Project

Profile

Help

XSLT 3.0 non XML result documents: should the Python API allow to capture them serialized?

Added by Martin Honnen almost 2 years ago

I am continuing to explore the SaxonC 12 Python API, for XSLT I wonder whether there is a way to capture non XML result documents containing XDM maps/arrays (aka JSON) in a serialized form e.g. a string.

While the primary result of e.g.

from saxonche import *

with PySaxonProcessor(license=True) as proc:
    print(proc.version)

    xslt = '''<xsl:stylesheet xmlns:xsl="http://www.w3.org/1999/XSL/Transform" version="3.0" expand-text="yes">
    <xsl:output method="json" indent="yes"/>
    <xsl:template name="xsl:initial-template">
      <xsl:sequence select="map { 'name' : 'Example 1', 'data' : array { 1 to 5 } }"/>
    </xsl:template>
</xsl:stylesheet>'''

    xslt_proc = proc.new_xslt30_processor()

    xslt_exe = xslt_proc.compile_stylesheet(stylesheet_text=xslt)

    result = xslt_exe.call_template_returning_string()

    print(result)

is returned serialized as a JSON string fine, i.e. the example code outputs

SaxonC-HE 12.0 from Saxonica
{
  "data": [ 1, 2, 3, 4, 5 ],
  "name": "Example 1"
}

when I try to do the same for secondary result documents created with xsl:result-document I seem to run into an error and only find that I can change my code to capture the raw result (but where I then lack a way in the Python API to serialize it as e.g. JSON):

So the following code

from saxonche import *

with PySaxonProcessor(license=True) as proc:
    print(proc.version)

    xslt = '''<xsl:stylesheet xmlns:xsl="http://www.w3.org/1999/XSL/Transform" version="3.0" expand-text="yes">
        <xsl:output method="json" indent="yes"/>
        <xsl:template name="xsl:initial-template">
          <xsl:sequence select="map { 'name' : 'Example 1', 'data' : array { 1 to 5 } }"/>
          <xsl:for-each select="1 to 5">
          <xsl:result-document href="json-result-{.}.json">
              <xsl:sequence
                select="array { (1 to .) ! map { 'name' : 'item ' || ., 'data' : array { 1 to . } } }"/>
            </xsl:result-document>
          </xsl:for-each>
        </xsl:template>
    </xsl:stylesheet>'''

    xslt_proc = proc.new_xslt30_processor()

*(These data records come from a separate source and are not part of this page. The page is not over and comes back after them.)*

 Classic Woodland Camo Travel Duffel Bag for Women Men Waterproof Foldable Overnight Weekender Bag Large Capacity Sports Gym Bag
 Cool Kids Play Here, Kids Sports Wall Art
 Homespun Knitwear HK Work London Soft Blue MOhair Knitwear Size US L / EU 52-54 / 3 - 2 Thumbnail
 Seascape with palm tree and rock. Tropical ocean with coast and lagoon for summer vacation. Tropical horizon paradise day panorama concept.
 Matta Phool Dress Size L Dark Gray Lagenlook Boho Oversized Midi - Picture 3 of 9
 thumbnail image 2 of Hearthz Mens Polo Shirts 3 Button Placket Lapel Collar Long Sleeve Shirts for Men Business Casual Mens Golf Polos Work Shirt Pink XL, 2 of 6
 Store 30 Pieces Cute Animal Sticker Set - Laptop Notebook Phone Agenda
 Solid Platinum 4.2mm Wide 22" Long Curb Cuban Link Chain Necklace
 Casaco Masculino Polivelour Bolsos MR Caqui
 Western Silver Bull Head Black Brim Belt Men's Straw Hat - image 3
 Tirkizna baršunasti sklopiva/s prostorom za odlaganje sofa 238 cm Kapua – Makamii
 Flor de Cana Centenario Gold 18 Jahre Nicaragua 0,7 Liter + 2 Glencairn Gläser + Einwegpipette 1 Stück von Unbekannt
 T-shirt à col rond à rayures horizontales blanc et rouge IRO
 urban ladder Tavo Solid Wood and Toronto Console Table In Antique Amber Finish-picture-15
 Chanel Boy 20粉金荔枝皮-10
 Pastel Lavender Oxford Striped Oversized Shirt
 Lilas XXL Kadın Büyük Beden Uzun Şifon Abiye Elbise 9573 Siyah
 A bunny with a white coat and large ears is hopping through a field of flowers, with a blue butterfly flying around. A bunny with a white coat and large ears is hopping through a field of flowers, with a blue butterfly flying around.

    xslt_exe = xslt_proc.compile_stylesheet(stylesheet_text=xslt)

    xslt_exe.set_base_output_uri("urn:to-string")

    xslt_exe.set_capture_result_documents(True, False)

    result = xslt_exe.call_template_returning_string()

    print(result)

    result_docs = xslt_exe.get_result_documents()

    for key in result_docs:
        print(key, result_docs[key])

does neither return the primary result in result nor does it give me any serialized secondary result documents, instead it outputs an error

SaxonC-HE 12.0 from Saxonica
None
json-result-1.json 
Error in xsl:result-document/@href on line 6 column 60 
  SENR0001  Cannot serialize a map using this output method
at template xsl:initial-template on line 3 column 51

Now when I switch to "raw" results by changing e.g. xslt_exe.set_capture_result_documents(True, False) to xslt_exe.set_capture_result_documents(True, True) I get an output where the primary result is serialized as JSON but the secondary result documents as returned as arrays and I lack a way in the Python API to serialize them as JSON (their toString() representation of course use the adaptive output):

SaxonC-HE 12.0 from Saxonica
{
  "data": [ 1, 2, 3, 4, 5 ],
  "name": "Example 1"
}
json-result-1.json [map{"data":[1],"name":"item 1"}]
json-result-2.json [map{"data":[1],"name":"item 1"},map{"data":[1,2],"name":"item 2"}]
json-result-3.json [map{"data":[1],"name":"item 1"},map{"data":[1,2],"name":"item 2"},map{"data":[1,2,3],"name":"item 3"}]
json-result-4.json [map{"data":[1],"name":"item 1"},map{"data":[1,2],"name":"item 2"},map{"data":[1,2,3],"name":"item 3"},map{"data":[1,2,3,4],"name":"item 4"}]
json-result-5.json [map{"data":[1],"name":"item 1"},map{"data":[1,2],"name":"item 2"},map{"data":[1,2,3],"name":"item 3"},map{"data":[1,2,3,4],"name":"item 4"},map{"data":[1,2,3,4,5],"name":"item 5"}]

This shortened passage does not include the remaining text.